Given the fully qualified table/func name: project.dataset.table Which can be referenced in the following ways:

We'd want to add catalogs in the following manner:

val root = SimpleCatalog("root")
val proj_catalog = root.addNewSimpleCatalog("proj")
val dataset_catalog = proj_catalog.addNewSimpleCatalog("dataset")
// but also add this catalog at the root level to handle the "dataset.table" use case
root.addSimpleCatalog(dataset_catalog)

EDIT: But the above won't actually handle the "`proj.dataset.table`" use case.

After some short testing this looks like it fits the bill.
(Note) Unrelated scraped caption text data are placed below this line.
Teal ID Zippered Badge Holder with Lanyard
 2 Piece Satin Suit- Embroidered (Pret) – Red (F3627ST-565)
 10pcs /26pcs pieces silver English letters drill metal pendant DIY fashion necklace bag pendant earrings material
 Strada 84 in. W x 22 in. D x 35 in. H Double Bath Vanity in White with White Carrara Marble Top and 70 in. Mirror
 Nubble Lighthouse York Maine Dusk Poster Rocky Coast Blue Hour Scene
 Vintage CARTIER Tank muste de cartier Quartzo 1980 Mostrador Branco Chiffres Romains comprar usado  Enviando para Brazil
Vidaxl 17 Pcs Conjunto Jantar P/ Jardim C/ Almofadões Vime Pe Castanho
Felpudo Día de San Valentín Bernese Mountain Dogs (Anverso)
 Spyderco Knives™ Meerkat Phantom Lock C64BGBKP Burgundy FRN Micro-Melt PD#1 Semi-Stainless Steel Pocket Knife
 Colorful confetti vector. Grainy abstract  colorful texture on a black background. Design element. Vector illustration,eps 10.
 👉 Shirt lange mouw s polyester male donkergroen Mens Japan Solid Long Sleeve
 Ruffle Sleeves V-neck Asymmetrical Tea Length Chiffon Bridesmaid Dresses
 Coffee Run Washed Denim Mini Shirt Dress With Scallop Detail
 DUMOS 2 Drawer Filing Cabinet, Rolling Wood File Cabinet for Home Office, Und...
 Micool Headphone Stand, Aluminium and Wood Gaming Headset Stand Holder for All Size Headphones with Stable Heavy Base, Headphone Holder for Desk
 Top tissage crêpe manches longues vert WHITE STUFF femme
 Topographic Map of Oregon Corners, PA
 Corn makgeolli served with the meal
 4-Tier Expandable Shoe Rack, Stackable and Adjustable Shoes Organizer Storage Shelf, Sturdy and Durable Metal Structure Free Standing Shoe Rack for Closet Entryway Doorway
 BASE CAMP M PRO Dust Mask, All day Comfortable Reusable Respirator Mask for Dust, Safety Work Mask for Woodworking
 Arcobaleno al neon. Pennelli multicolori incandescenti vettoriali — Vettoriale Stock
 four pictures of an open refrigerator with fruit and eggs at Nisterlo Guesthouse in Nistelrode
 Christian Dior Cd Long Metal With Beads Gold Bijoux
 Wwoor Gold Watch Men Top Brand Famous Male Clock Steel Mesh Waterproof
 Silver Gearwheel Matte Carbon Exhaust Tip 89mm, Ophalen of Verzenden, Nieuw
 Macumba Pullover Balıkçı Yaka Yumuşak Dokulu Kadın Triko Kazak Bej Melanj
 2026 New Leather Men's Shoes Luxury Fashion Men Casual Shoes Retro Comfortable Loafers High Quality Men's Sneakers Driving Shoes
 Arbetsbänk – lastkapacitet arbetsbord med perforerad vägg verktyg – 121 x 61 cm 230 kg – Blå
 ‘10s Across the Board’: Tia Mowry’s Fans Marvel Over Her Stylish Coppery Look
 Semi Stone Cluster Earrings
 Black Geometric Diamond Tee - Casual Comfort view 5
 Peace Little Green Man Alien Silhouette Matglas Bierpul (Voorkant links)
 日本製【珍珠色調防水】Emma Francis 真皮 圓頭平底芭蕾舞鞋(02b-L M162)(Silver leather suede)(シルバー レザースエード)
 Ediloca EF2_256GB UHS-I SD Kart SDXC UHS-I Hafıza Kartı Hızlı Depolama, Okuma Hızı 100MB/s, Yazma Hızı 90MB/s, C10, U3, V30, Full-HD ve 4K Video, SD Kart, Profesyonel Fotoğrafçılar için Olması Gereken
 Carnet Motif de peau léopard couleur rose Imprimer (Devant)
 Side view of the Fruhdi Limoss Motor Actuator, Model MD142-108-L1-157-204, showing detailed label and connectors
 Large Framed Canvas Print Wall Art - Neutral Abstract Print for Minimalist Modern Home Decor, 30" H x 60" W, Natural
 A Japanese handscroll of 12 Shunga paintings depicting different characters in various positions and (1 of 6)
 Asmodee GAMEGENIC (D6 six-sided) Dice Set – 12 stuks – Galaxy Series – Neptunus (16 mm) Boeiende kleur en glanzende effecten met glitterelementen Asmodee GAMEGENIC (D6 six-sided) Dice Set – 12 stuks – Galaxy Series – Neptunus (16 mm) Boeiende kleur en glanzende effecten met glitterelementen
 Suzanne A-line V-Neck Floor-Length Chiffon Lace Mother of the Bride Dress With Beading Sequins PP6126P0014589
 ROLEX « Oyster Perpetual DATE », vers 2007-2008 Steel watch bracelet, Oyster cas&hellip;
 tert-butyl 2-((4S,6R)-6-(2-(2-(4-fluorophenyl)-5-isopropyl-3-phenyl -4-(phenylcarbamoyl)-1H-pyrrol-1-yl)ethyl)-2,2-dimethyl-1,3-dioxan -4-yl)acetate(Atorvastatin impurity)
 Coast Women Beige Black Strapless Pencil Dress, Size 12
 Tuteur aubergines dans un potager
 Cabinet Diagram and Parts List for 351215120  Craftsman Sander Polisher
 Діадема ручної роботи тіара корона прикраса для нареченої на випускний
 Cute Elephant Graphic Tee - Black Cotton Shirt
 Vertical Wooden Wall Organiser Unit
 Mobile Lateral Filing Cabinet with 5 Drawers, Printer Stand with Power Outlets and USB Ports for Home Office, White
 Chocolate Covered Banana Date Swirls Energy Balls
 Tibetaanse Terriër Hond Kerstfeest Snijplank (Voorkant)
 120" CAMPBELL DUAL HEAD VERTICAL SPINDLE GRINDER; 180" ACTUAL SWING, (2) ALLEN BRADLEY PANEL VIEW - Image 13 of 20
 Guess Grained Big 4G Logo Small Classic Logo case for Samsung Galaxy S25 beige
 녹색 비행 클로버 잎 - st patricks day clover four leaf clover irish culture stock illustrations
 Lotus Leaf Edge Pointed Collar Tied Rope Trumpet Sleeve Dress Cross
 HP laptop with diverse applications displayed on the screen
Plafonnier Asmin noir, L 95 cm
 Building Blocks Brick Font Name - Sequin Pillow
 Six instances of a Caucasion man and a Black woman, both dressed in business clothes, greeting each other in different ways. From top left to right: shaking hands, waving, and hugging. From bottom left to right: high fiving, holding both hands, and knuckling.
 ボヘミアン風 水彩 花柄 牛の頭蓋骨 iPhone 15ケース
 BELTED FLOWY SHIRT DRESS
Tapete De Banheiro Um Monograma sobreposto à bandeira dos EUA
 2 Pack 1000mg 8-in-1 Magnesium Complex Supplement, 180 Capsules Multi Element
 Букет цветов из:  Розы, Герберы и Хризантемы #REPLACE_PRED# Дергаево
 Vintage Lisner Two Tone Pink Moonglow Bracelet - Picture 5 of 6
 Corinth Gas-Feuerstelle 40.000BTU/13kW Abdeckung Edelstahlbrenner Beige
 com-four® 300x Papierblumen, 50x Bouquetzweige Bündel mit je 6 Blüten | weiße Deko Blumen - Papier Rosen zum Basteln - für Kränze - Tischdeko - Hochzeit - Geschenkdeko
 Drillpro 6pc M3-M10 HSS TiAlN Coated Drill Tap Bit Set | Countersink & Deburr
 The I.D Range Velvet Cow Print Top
Let me know if I'm missing anything :D

tha23rd commented 2 years ago

@matthewcbrown Sorry for the ping, was wondering if you saw the edit above

"EDIT: But the above won't actually handle the "proj.dataset.table" use case."

Any guidance you could provide here?

matthewcbrown commented 2 years ago

ah, sorry, I didn't see this - for some reason I don't get emails for edits.

Anyway, I don't have a great solution for you, as far as googlesql::SimpleCatalog is concerned the backtick quoted string is different from the non-backtick quoted string - one is a path with 3 elements, the other is a path with one element.

In c++ this is pretty straightforward to handle, you can just override the FindTable to return the same Table object in either case, but from Java, which requires a SimpleCatalog the best i can think of is to add the Table in all places, although, these would look like separate tables to the resolver. If you are running smallish queries that only one use one style, this is probably okay, but if you actually need them to all resolve to the same table, it's going to muck things up.